Given that I have created applications that (in some cases) simply
cannot afford to have interrupts disabled for any significant period
of time (10 mS is 'significant' for what I'm talking about here), I
have gotten around the problem I mention above by 'shadowing' a part
of the EEPROM (that contains variables used by interrupt routines)
into a reserved block of RAM, and have created a set of abstract
write routines that, when passed a address and a value to write,
check the location that is to be written, and if said location falls
within the RAM 'EEPROM shadow' window, or falls within the EEPROM
address window that is being shadowed to RAM, will write the value
to both the appropriate EEPROM and RAM locations. If the address
falls within the non-shadowed EEPROM area, it just writes to the
EEPROM, and if the address is in the non-shadowed RAM area, it
writes to RAM only. By having my interrupt routines always read
their critical parametric values from the RAM-shadow area, and using
a intelligent memory management routine like I describe above, I can
work around the first problem I describe above, and the second major
problem (which I describe below) becomes a non-issue.

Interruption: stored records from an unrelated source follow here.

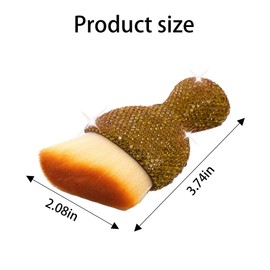 zipelo Auto Interior Dust Brush, Car Detailing Cleaning Brush with Diamond, Bling Handle Soft Bristles Dusting Tool, Scratch Free Dirt Clean Brushes for Vehicle Air Conditioner Vent (Light Brown)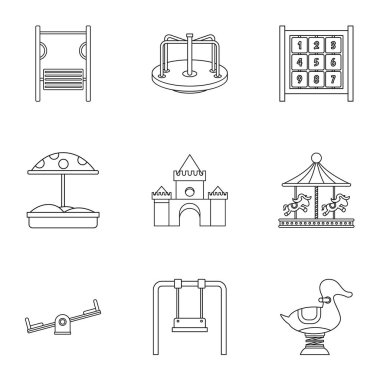 Çocuk Oyunları Icons set, anahat stili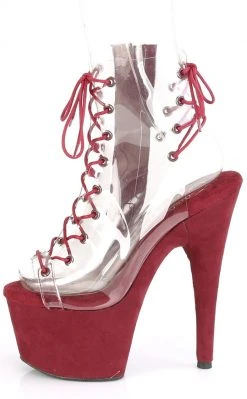 Pleaser ADORE-700-30FS Burgundy/Clear Faux Suede Heels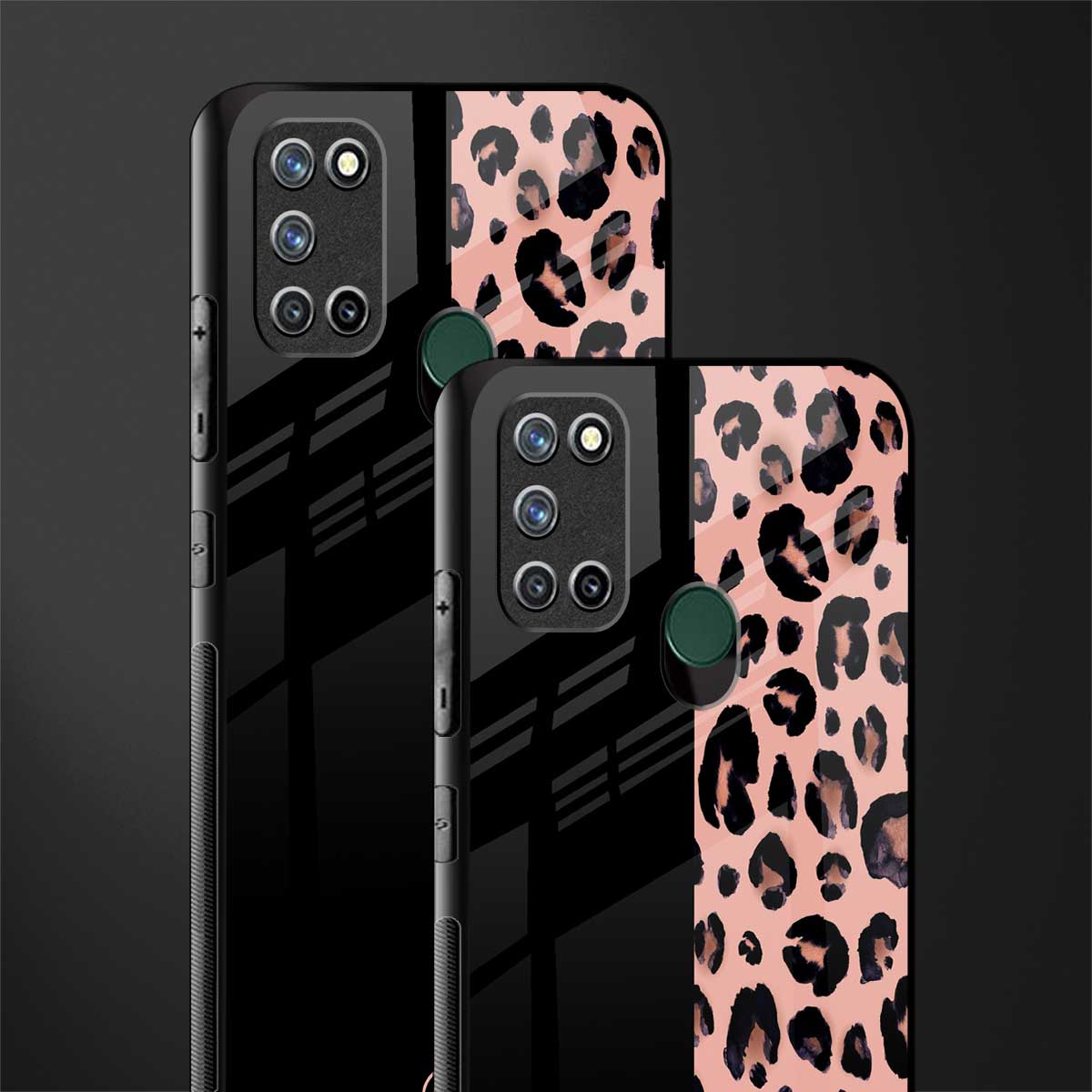 black & pink cheetah fur glass case for realme 7i image-2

The second major problem associated with EEPROM writing with active
interrupts is more insidious, as the 'window of opportunity' for
something to go wrong is very narrow. As you may recall (and as
outlined on pages 4-11 and 4-12 of the Pink Book), programming a
single EEPROM cell is a 5-step operation, consisting of:

1. Set PPROG.ELAT = 1
2. Write desired value to EEPROM address
3. Set PPROG.EEPGM = 1 (leaving ELAT=1)
4. Wait 10 mS
5. Set PPROG = $00

The 'window of vulnerability' where things can go wrong is if an
interrupt (that performs a EEPROM read) occurs after step 2 but
before step 3. During this time, the device is looking to latch any
bus address that references the EEPROM; the last EEPROM address that
is referenced before EEPGM=1 will be the address that is written
to. Presumably, it is only supposed to be looking to latch WRITE
operations, but I think that it will latch address (and corrupt
data) from a read operation to EEPROM as well. If your EEPROM-using
interrupt occurs within this narrow window, it is quite possible
that the wrong information will be written to the wrong EEPROM
address. Thus, at a minimum, you must ensure that steps 2 and 3 are
done 'atomically'; that is, you should disable interrupts before
step 2 and re-enable them after step 3 - or better yet, assuming you
have the RAM space for it, utilize the RAM-shadowing technique I
described previously.

If you group the (relatively few) EEPROM parameters that are
required for interrupt usage into a contiguous EEPROM block, and all
other variables in a different block (that does not have to be
shadowed in RAM), the amount of RAM you have to use to shadow the
critical parameters should be fairly small.

If interested, I can describe in greater detail as to how I
typically manage RAM and EEPROM usage. If done correctly, the whole
process can be well abstracted from the rest of the application, and
the 'shared/shadowed' area can dynamically grow and shrink without
code modification - appropriate use of (assembler) labels allows the
management code to adapt to changes without overt programmer
intervention in the management routines.